LOOCV_MAPE<-function(modelCall) {
  sum(abs(LOOCV(modelCall)/sapply(seq(1, nrow(trees)), function(i) {trees[i,3]})))/nrow(trees)*100                                    
}


cat("Cross-Validation Metrics:\n")
cat("-------------------------\n")
cat("LOOCV MSE for LM:", LOOCV_MSE(quote(lm(Volume~Girth+Height, data=training))),"\n")
cat("LOOCV MSE for CART:", LOOCV_MSE(quote(rpart(Volume~Girth+Height, data=training))),"\n")
cat("LOOCV MSE for MARS:", LOOCV_MSE(quote(mars(training[,-3], training[3]))),"\n")
cat("\n")

cat("LOOCV RMSE for LM:", LOOCV_RMSE(quote(lm(Volume~Girth+Height, data=training))),"\n")
cat("LOOCV RMSE for CART:", LOOCV_RMSE(quote(rpart(Volume~Girth+Height, data=training))),"\n")
cat("LOOCV RMSE for MARS:", LOOCV_RMSE(quote(mars(training[,-3], training[3]))),"\n")
cat("\n")

cat("LOOCV MAPE for LM:", LOOCV_MAPE(quote(lm(Volume~Girth+Height, data=training))),"\n")
cat("LOOCV MAPE for CART:", LOOCV_MAPE(quote(rpart(Volume~Girth+Height, data=training))),"\n")
cat("LOOCV MAPE for MARS:", LOOCV_MAPE(quote(mars(training[,-3], training[3]))),"\n")

Outputs:

Cross-Validation Metrics:
-------------------------
LOOCV MSE for LM: 18.15783 
LOOCV MSE for CART: 69.83769 
LOOCV MSE for MARS: 13.72282 

LOOCV RMSE for LM: 4.2612 
LOOCV RMSE for CART: 8.356895 
LOOCV RMSE for MARS: 3.704432 

LOOCV MAPE for LM: 14.6114 
LOOCV MAPE for CART: 23.51401 
LOOCV MAPE for MARS: 10.00316 

Does this implementation make sense? When whould using MSE on the errors make sense? When would I use MAPE/SMAPE instead? I already read "Metric to compare models?" and the conclusion there was it depends, can someone explain this further. On what does it depend?

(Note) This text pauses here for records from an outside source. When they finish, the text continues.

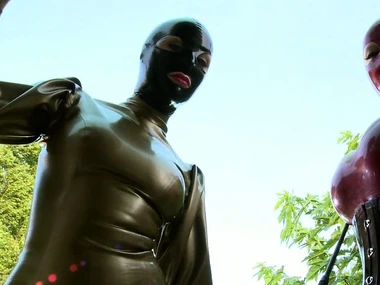 Japanese beauty joins white beauties nearby outdoor lesbian action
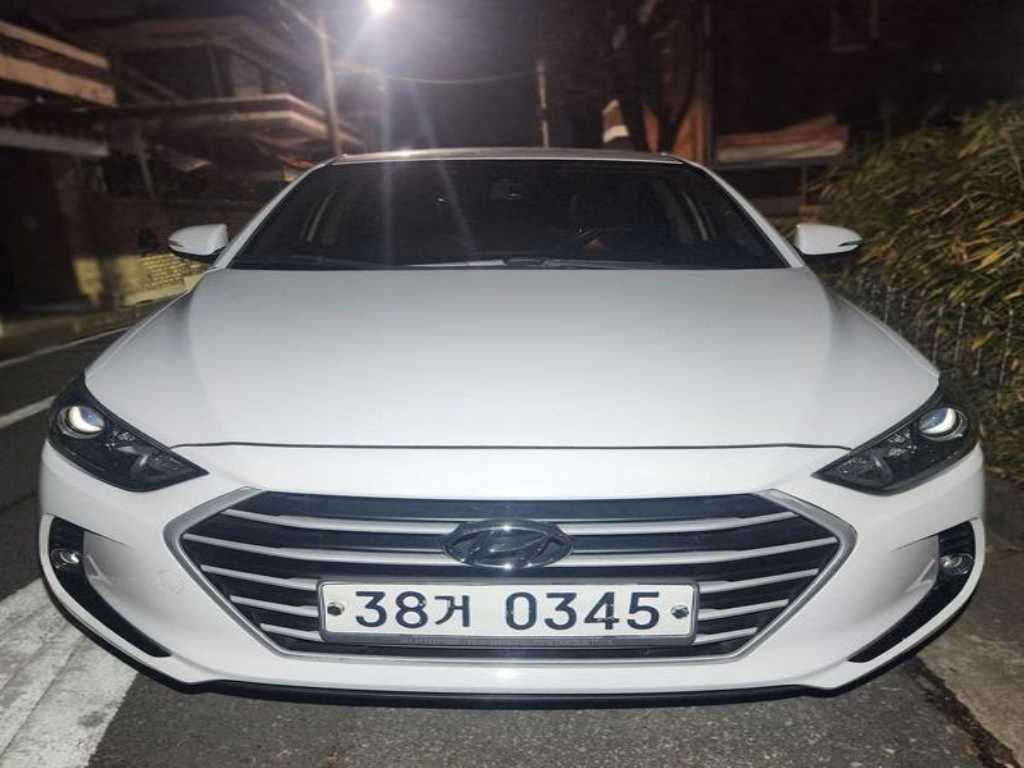 HYUNDAI Avante 2017 Blanco - Importación desde Corea - HF Imports Iquique - Foto 1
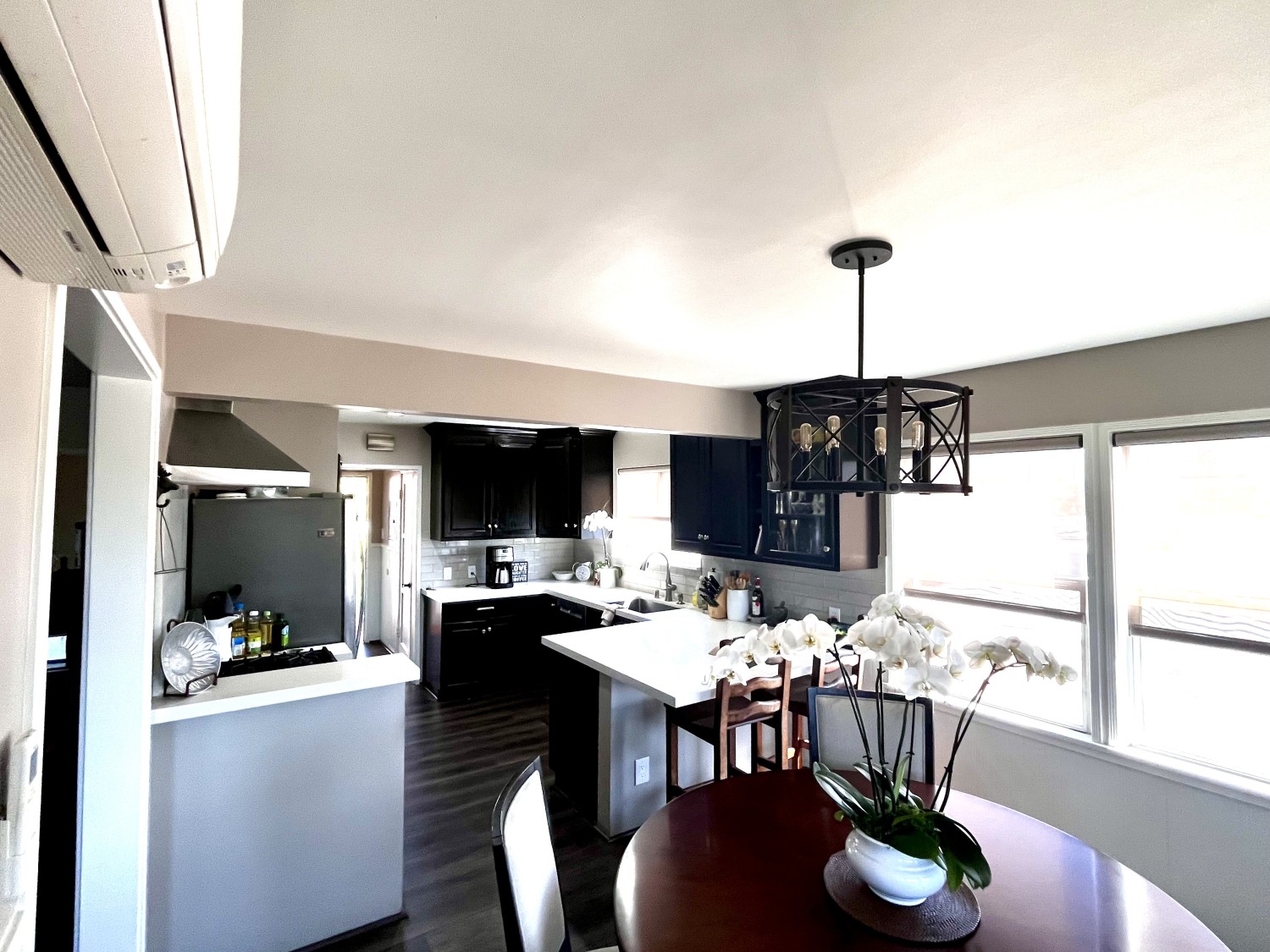 Elfyer - Burbank, CA House - For Sale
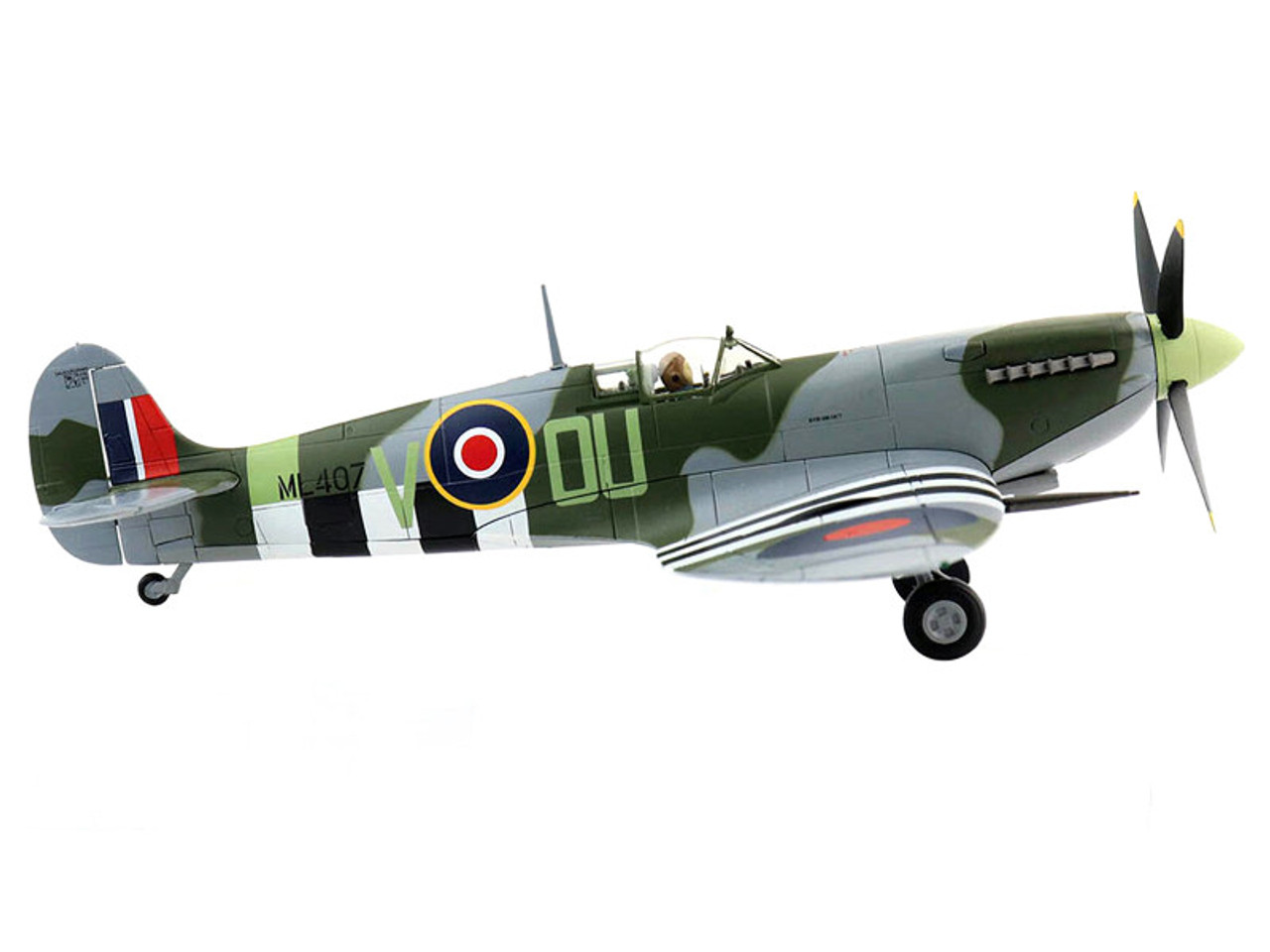 Supermarine Spitfire Mk.Ixe Fighter Aircraft "F/O Johnnie Houlton 485 (NZ) Squadron France" (1944) 1/48 Diecast Model by Hobby Master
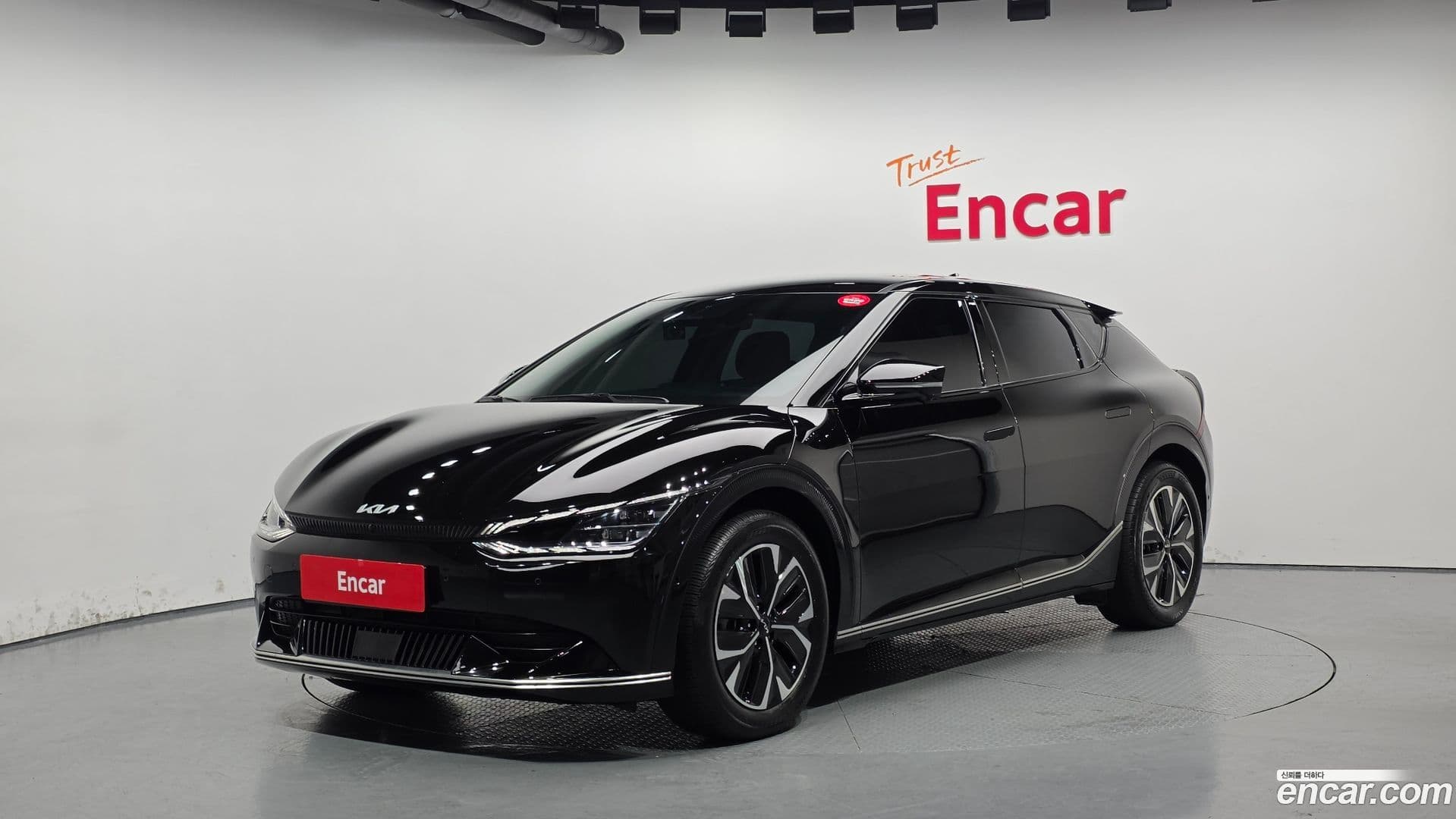 Main__Slider__Photo:EV6 Kia 2022.10-0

My data is not a time series, it is more like the tree example data.

Best Answer

Why re-invent the wheel? R already has many libraries that implement cross-validation and calculate RMSE, MSE, MAPE, etc:

library(caret)
library(forecast)
library(rpart)
library(mda)

#Load Sample-Data
data(trees)

#Custom Summary Function for Cross-Validation
customSummary <- function (data, lev = NULL, model = NULL) {
    stats1 <- postResample(data[, "pred"], data[, "obs"])
    stats2 <- accuracy(data[, "pred"], data[, "obs"])
    c(stats1, stats2)
}

#Choose sampling method and sumamry function
myControl <- trainControl(method='LOOCV', summary=customSummary)

#Run Models
model_LM <- train(Volume~Girth+Height, data=trees, method='lm', 
                  trControl=myControl)
model_CART <- train(Volume~Girth+Height, data=trees, method='rpart', 
                  trControl=myControl)
model_MARS <- train(Volume~Girth+Height, data=trees, method='earth', 
                  trControl=myControl)

#Compare models
model_LM
model_CART
model_MARS

Choosing which statistics to use is up to you, and depends on the particulars of your problem. I usually use MAE as a default, but it pays to think about what the actual error cost in your problem.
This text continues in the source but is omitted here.